[Short descriptive text snippets]

::::::::

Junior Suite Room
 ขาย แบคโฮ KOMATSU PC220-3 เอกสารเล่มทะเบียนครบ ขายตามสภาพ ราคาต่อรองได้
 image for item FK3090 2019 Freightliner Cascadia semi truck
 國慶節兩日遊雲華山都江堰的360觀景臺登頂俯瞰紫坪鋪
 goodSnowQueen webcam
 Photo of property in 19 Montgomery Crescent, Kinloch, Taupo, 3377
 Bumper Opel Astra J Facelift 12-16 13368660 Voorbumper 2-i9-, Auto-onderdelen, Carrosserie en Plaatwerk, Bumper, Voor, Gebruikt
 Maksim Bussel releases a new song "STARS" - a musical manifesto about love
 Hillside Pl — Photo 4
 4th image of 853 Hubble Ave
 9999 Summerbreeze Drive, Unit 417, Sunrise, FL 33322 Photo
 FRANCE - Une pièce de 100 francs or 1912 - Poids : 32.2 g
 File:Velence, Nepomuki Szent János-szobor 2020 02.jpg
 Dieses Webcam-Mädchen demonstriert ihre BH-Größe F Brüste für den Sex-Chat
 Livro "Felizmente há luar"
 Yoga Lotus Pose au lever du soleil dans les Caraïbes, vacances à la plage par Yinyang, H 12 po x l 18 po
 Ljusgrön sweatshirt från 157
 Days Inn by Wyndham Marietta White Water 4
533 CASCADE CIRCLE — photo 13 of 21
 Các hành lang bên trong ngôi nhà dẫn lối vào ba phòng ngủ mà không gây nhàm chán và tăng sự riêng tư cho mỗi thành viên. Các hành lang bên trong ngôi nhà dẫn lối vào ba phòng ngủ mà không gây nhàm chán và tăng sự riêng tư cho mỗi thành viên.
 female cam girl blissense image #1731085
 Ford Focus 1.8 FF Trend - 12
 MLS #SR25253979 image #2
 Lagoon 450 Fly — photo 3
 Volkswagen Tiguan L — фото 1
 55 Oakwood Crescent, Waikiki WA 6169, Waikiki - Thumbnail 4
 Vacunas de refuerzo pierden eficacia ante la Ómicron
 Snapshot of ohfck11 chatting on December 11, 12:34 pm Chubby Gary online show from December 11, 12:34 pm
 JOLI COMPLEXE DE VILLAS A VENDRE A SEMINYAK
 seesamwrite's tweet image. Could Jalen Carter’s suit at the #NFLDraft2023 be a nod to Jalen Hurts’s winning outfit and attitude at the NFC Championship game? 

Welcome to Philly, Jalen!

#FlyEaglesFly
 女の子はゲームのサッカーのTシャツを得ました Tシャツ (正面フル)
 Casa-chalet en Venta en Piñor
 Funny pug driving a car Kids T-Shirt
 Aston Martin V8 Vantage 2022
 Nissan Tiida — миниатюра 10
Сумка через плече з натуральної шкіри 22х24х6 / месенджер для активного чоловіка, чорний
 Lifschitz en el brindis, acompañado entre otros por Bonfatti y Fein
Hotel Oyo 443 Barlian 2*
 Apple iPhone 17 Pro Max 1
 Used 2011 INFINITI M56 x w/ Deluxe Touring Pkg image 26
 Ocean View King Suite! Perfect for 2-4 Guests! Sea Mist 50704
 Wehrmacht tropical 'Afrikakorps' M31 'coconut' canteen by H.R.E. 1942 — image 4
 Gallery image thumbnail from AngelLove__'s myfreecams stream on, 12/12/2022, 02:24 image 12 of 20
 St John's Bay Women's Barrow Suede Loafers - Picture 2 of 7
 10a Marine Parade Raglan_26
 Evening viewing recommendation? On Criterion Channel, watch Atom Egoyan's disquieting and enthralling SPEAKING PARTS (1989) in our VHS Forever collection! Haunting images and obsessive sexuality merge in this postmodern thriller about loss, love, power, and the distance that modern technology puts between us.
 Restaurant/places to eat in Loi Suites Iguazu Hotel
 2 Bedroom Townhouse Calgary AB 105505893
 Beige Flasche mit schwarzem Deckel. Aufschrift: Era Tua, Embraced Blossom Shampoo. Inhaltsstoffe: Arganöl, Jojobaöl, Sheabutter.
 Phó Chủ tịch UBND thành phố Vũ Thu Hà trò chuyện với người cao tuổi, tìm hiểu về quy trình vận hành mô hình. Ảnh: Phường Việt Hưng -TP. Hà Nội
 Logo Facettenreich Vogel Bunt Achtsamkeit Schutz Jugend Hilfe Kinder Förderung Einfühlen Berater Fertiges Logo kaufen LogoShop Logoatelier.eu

::::::::

The stretch of entries above that starts with the line containing "Lagoon 450 Fly — photo 3" and goes on through the line containing "2 Bedroom Townhouse Calgary AB 105505893" is to be transcribed exactly, and no other line is to be transcribed.

 Lagoon 450 Fly — photo 3
 Volkswagen Tiguan L — фото 1
 55 Oakwood Crescent, Waikiki WA 6169, Waikiki - Thumbnail 4
 Vacunas de refuerzo pierden eficacia ante la Ómicron
 Snapshot of ohfck11 chatting on December 11, 12:34 pm Chubby Gary online show from December 11, 12:34 pm
 JOLI COMPLEXE DE VILLAS A VENDRE A SEMINYAK
 seesamwrite's tweet image. Could Jalen Carter’s suit at the #NFLDraft2023 be a nod to Jalen Hurts’s winning outfit and attitude at the NFC Championship game? 

Welcome to Philly, Jalen!

#FlyEaglesFly
 女の子はゲームのサッカーのTシャツを得ました Tシャツ (正面フル)
 Casa-chalet en Venta en Piñor
 Funny pug driving a car Kids T-Shirt
 Aston Martin V8 Vantage 2022
 Nissan Tiida — миниатюра 10
Сумка через плече з натуральної шкіри 22х24х6 / месенджер для активного чоловіка, чорний
 Lifschitz en el brindis, acompañado entre otros por Bonfatti y Fein
Hotel Oyo 443 Barlian 2*
 Apple iPhone 17 Pro Max 1
 Used 2011 INFINITI M56 x w/ Deluxe Touring Pkg image 26
 Ocean View King Suite! Perfect for 2-4 Guests! Sea Mist 50704
 Wehrmacht tropical 'Afrikakorps' M31 'coconut' canteen by H.R.E. 1942 — image 4
 Gallery image thumbnail from AngelLove__'s myfreecams stream on, 12/12/2022, 02:24 image 12 of 20
 St John's Bay Women's Barrow Suede Loafers - Picture 2 of 7
 10a Marine Parade Raglan_26
 Evening viewing recommendation? On Criterion Channel, watch Atom Egoyan's disquieting and enthralling SPEAKING PARTS (1989) in our VHS Forever collection! Haunting images and obsessive sexuality merge in this postmodern thriller about loss, love, power, and the distance that modern technology puts between us.
 Restaurant/places to eat in Loi Suites Iguazu Hotel
 2 Bedroom Townhouse Calgary AB 105505893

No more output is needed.